BOSTON – An Etsy executive at the eTail Boston Mobile Shopping Summit said that context is key in creating both mobile sites and applications that connect users with brands.

During the “Mobile Web vs Mobile Apps, A Case For Both” the Etsy executive spoke about how Etsy has carved out its mobile strategy over the past year with a mobile site and an iOS app. Additionally, the presentation gave attendees tips on what types of content to include in both.

“Our browse is way higher on mobile Web than our native apps. Think about context – think about how users are using your app,” said Leland Rechis, director of product at Etsy, New York.

“When we bring this all together, that’s how you can think about your brand in the real world, and I think mobile really amplifies that conversation you have in the real world with customers and the brand,” he said.

Cross-platform marketplace
Etsy’s online marketplace claims to have 800,000 sellers with 40 million unique visits per month.

Etsy launched its mobile Web site one year ago and rolled out an iOS app in November 2011 to ramp up for the holiday shopping season.

More than twenty percent of the company’s traffic comes from mobile devices.

Instead of making Etsy’s entire site mobile-friendly, the company focused on mobilizing key pages that consumers most often visit.

As an example of a brand that misses the mark with its mobile site, Mr. Rechis showed how United Airlines could have a better mobile experience.

When users search for the airline’s United Club lounge locations on desktop, they are automatically taken to a specific Web site with information on the lounges. When a consumer does the same on mobile, though, searches redirect to the homepage of United’s mobile site, which forces users to start from the beginning.

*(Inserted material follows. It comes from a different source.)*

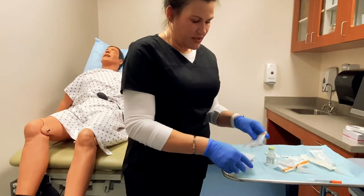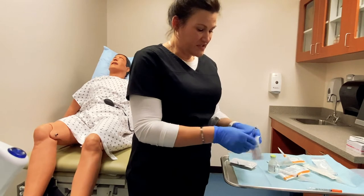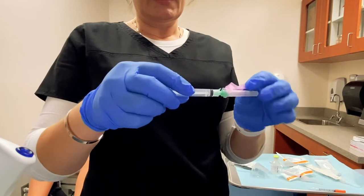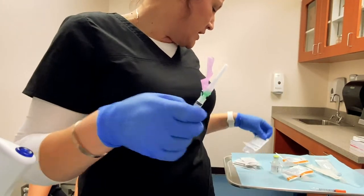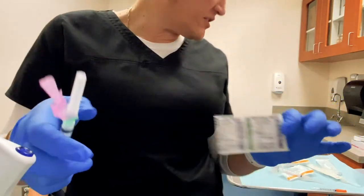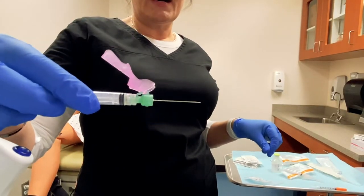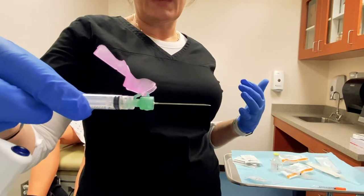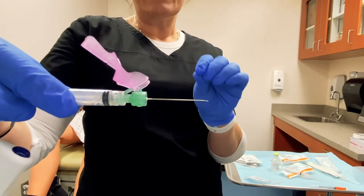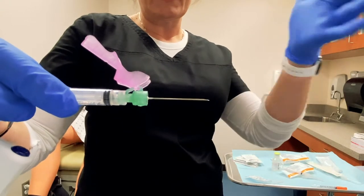I don't have any intramuscular injection syringes that come with needles — I need to order some — so instead we're going to make do. This is a 21 gauge, one and a half inch needle. That one is 21 gauge, so it is the biggest of the needles we have in class and it is an inch and a half long. That is because this is going to be used for an intramuscular injection, and we have to go through the subcutaneous tissue, the fatty tissue, to get down to the muscle layer, so we need the needle to be just a little bit longer.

In this case, using a Web site might make more sense to get consumers information, even if they have to pinch and zoom.

Additionally, it is important to test content to see what works on specific devices. For instance, Etsy has removed Flash from its desktop site so that content loads correctly on tablets.

Social shopping
With more than 50 percent of Facebook and Twitter users accessing the social sites from mobile devices, it is important to think about how a page will look when accessed from a mobile phone or tablet while a consumer is using social media.

Etsy looked at its traffic and found that consumers use Facebook to  favorite products, which redirects to a mobile detail pages and eventually to an Etsy shop. In order to acquire that user and drive a sale, Etsy focused on mobilizing its listing, shop, check-out and registration pages.

Similarly, significant traffic comes from mobile on Pinterest, where Etsy has a strong presence. One in every five commerce links on Pinterest redirect to Etsy, according to a study from Bizrate.

“Think about how people are there and trying to find information quickly. Allow them to get that answer – don’t hide things,” Mr. Rechis said.

Etsy’s mobile site

App retention
A mobile site can be used to get users to download an app, which drives retention.

In order to get retention, features such as push notifications keep a brand top of mind for a consumer.

For example, Etsy’s app sends a special notification when a seller gets an order that sounds like a cash register. Buyers can also receive notifications to interact with sellers on specifics about their order.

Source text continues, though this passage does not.